| Quote #1
MANDERS. [Lowering his voice.] But one should not talk about it, Mrs. Alving. One is certainly not bound to account to everybody for what one reads and thinks within one's own four walls. (1.181)
Depending on how it's played, this can be a laugh line. Pastor Manders's point is you may think whatever you want, but keep it to yourself. Publicly announcing your eccentricities can only disturb others and upset the status quo.
| Quote #2
OSWALD. Well, then, allow me to inform you. I have met with it when one or other of our pattern husbands and fathers has come to Paris to have a look round on his own account, and has done the artists the honour of visiting their humble haunts. They knew what was what. These gentlemen could tell us all about places and things we had never dreamt of. (1.337)

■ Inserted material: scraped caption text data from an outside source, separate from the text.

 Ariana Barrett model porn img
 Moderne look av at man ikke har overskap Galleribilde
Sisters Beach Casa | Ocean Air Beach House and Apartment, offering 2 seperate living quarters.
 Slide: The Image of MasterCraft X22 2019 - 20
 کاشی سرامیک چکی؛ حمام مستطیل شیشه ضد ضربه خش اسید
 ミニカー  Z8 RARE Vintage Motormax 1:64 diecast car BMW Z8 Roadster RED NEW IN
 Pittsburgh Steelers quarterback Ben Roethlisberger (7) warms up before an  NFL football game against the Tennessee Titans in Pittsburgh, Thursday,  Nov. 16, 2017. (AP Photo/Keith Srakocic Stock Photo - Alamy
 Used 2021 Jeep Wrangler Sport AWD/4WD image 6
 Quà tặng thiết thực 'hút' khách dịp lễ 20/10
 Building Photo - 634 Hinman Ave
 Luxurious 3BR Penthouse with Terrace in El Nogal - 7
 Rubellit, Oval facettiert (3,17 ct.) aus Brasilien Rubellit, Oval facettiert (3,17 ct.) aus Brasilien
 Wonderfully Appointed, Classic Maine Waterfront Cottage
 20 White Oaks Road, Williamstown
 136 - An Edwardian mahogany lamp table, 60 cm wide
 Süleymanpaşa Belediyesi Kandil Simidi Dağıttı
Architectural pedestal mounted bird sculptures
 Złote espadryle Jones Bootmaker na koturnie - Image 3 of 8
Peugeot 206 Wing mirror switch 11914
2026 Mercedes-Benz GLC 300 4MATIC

Hypocrisy is a special breed of "lies and deceit" within the play. Oswald becomes distraught recounting the hypocrisy of so-called "pattern husbands" – but in truth, almost everyone in the play is guilty of hypocrisy in some form or another.
| Quote #3
MANDERS. It almost makes me dizzy. Your whole married life, the seeming union of all these years, was nothing more than a hidden abyss! (1.396)
Manders agrees that Mrs. Alving could do nothing but hide the truth. As someone who cares for her, however, he rues that things turned out that way.